Reforms are also foreseen in the economic sphere. Fair and predictable economic policies will be pursued, with a reduction of the informal economy to OECD standards and a reduction of the state’s share in the economy to 14% by 2025. In addition, there is a promise of continued economic demonopolisation, protection of competition, and adoption of a new Tax Code to ensure fair, transparent and predictable taxation. It will also aim to increase the number of people working in small and medium-sized enterprises to 4.7 million. Other areas include open transport corridors and logistics, including the development of the international Trans-Caspian route, reliable energy, strong regions and infrastructure, including new housing and roads, and new digital opportunities, including the development of Kazakhstan as a regional digital hub.
With the modernisation of the economy, there are also enormous opportunities for Lithuanian businesses. The capital Astana is already regularly visited by representatives of European Union (EU) governments and enterprises. Lithuanian Foreign Minister Gabrielius Landsbergis is also visiting Kazakhstan these days. A large delegation of influential business people accompanies him. One of the members of this delegation is Vidmantas Janulevičius, President of the Lithuanian Confederation of Industrialists. “Lithuania has already done a lot of homework with other countries to ensure that the EU guarantee will be in place – a strategic agreement was signed with Kazakhstan on the extraction of raw materials. This is already the basis for bolder bilateral relations and safer investment,” he said to Verslo žinios newspaper a few days ago.
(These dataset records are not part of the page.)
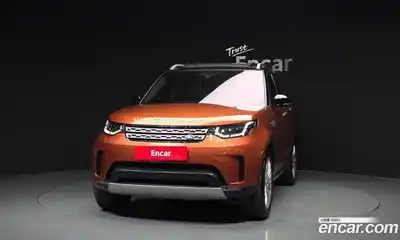 Land Rover Discovery 2018 3.0 гидро в Москве № 1293001, миниатюра 3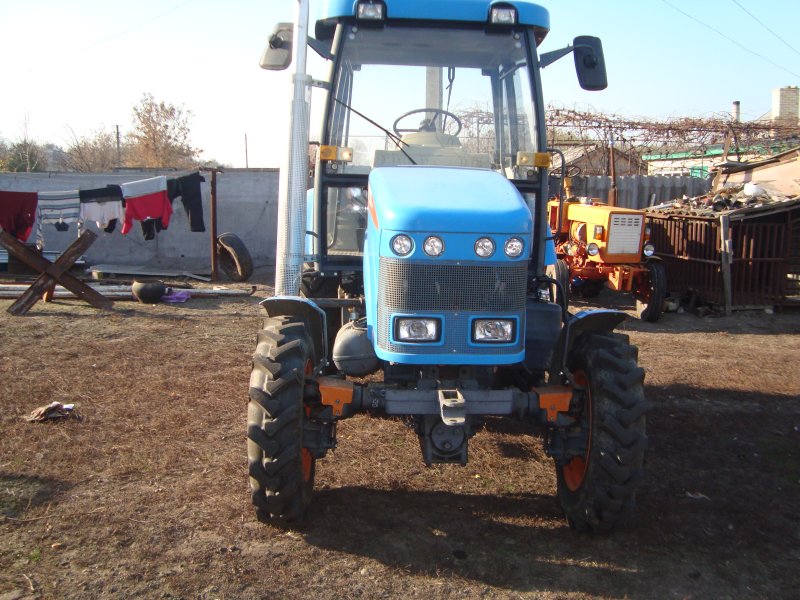 Трактор Агромаш 50тк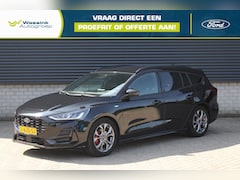 Ford Focus Wagon - Hybrid 125pk ST-Line Style I Design I Parking I Winter I Family Pack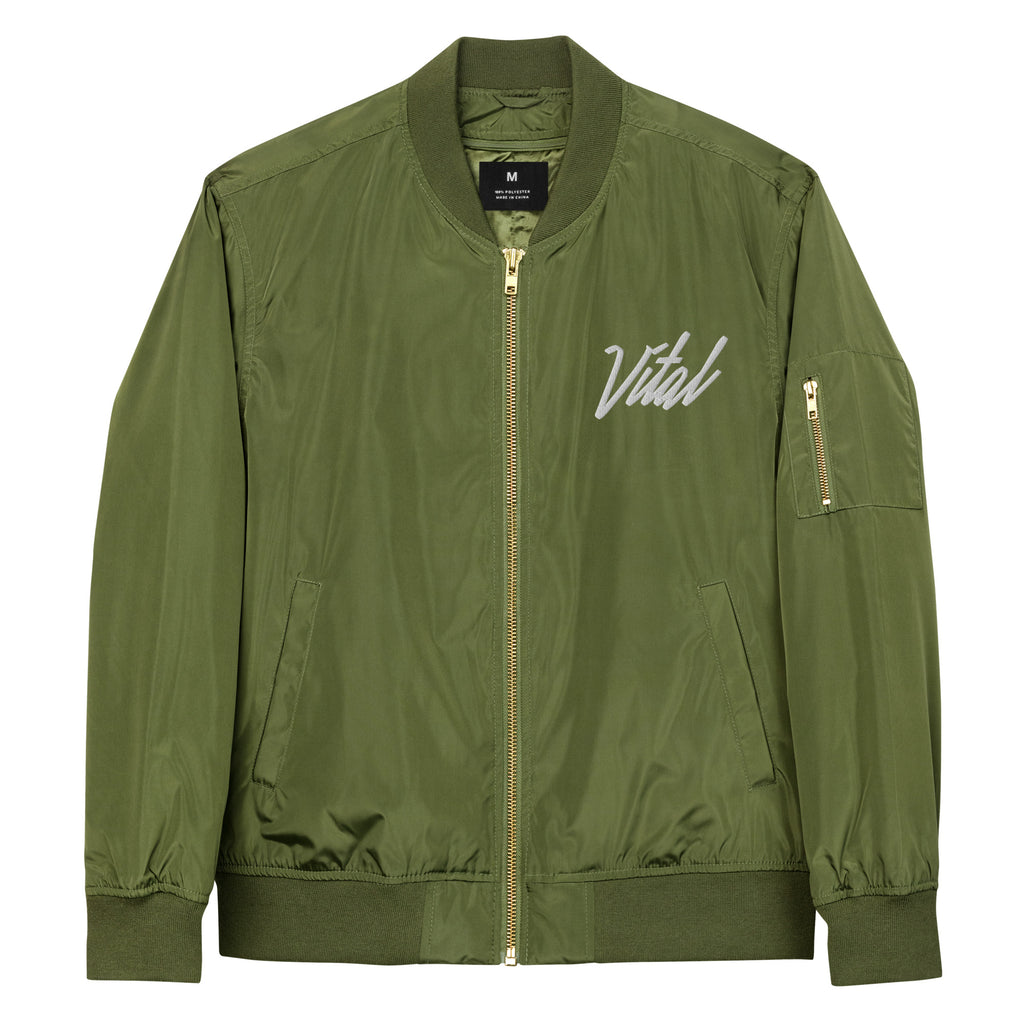VITAL BOMBER JACKET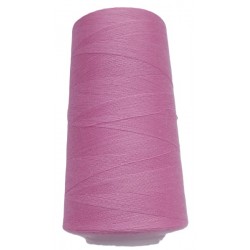 Spun Polyester Sewing Thread 50 S/2 (140) color 104-sea pink/4500 Y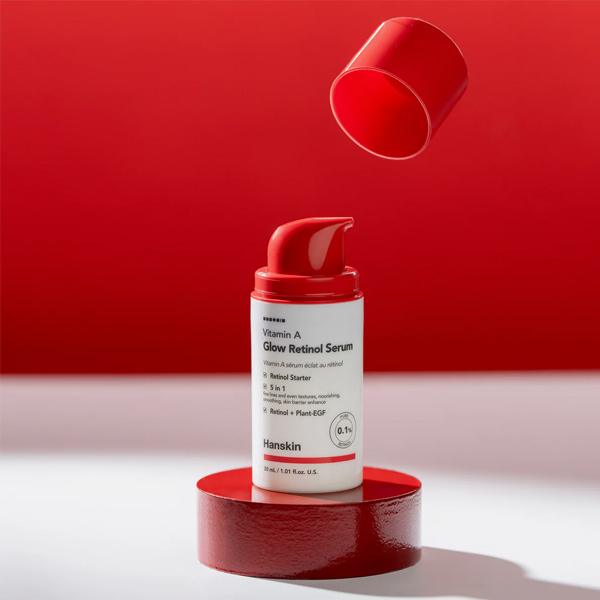 HANSKIN Vitamin A Glow Retinol Serum 30ml Price In Banglades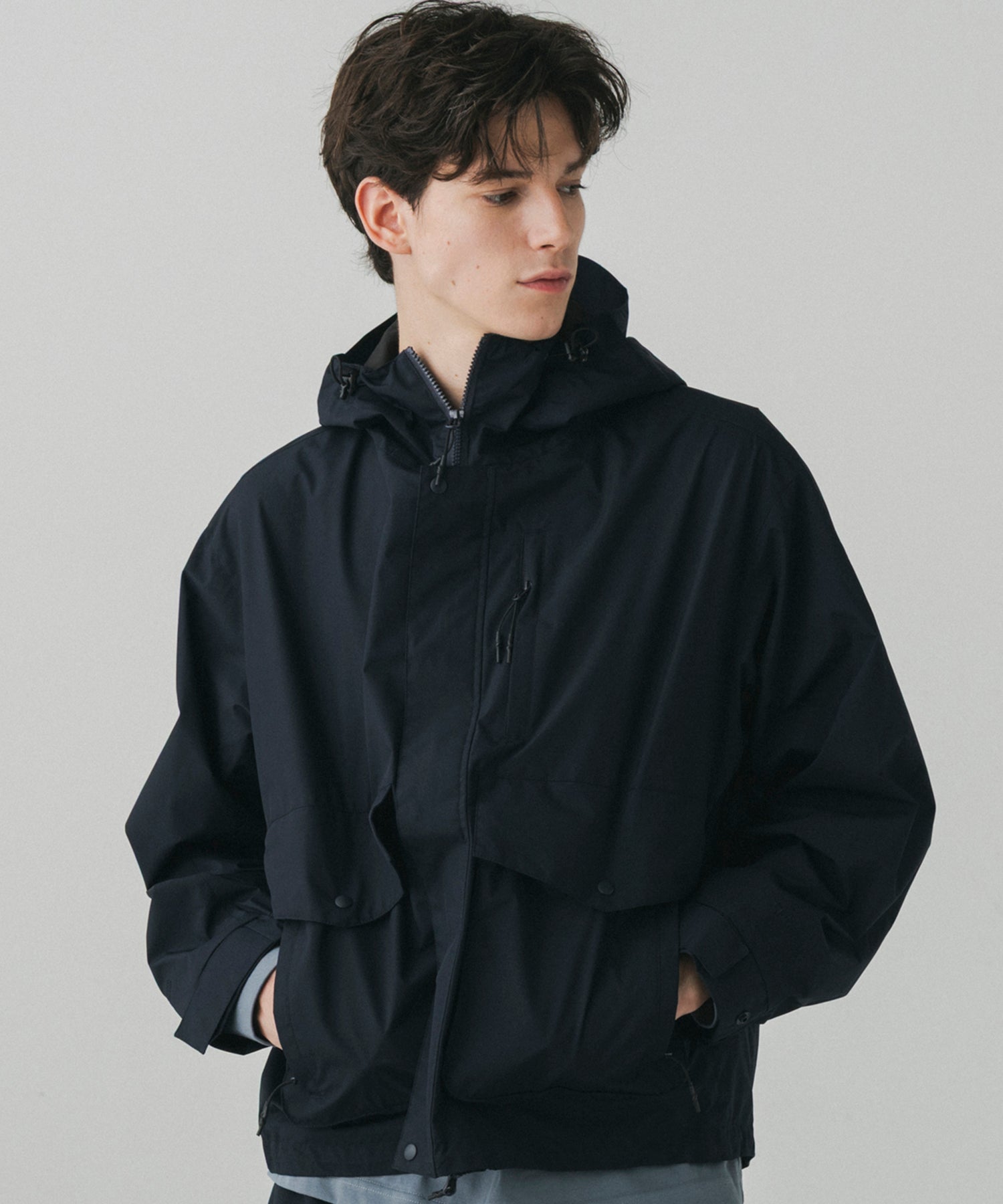 【9月下旬お届け予約商品】FIELD PARKA フィールドパーカー / WINDSTOPPER® PRODUCTS BY GORE-TEX LABS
Will the modernisation and liberalisation of Kazakhstan launched by President Tokayev be successful? We do not know. Are these reforms sincere? I would like to believe so, because words and deeds, at least for the time being, coincide. Will there be a ‘celebration of democracy in Kazakhstan that meets Western standards at the early parliamentary elections in 2023? It will certainly not. The country is still taking its first steps towards democracy. We, as a country, took the first steps towards democracy a hundred years ago; Kazakhstan is taking the first steps only now. We, with very different traditions and experiences, have had a difficult road to travel; Kazakhstan’s journey will be even more difficult and longer.
Do we know where the journey that has just begun will take Kazakhstan? We do not know, but we would like to see as little as possible of the influence of authoritarian neighbours and as much as possible of the rule of law, pluralism, freedom of the press, human rights, and as much as possible of a more liberal economic and political system in this critical Central Asian country. Kazakhstan’s demography is optimistic: almost 36% of Kazakhstan’s population is made up of young people aged between 15 and 39 years. It is a new republic and a young republic with enormous potential.
We, as Lithuania, the bearer and advocate of liberal democracy, must have realistic expectations of the Republic of Kazakhstan. Let us rejoice in a country that has chosen the path of modernisation and is making efforts to reduce Russian influence. Let us encourage and support the Kazakhstanis on this path, which is very important to them. Kazakhstan’s success in reforming and taking the path of modernisation and democratisation must also be important to us, to Lithuania and, in general, to the whole of the Western world.
This trip to observe the early presidential elections on 20 November was organised by the Embassy of the Republic of Kazakhstan in Vilnius. However, this fact has not influenced the content of this text.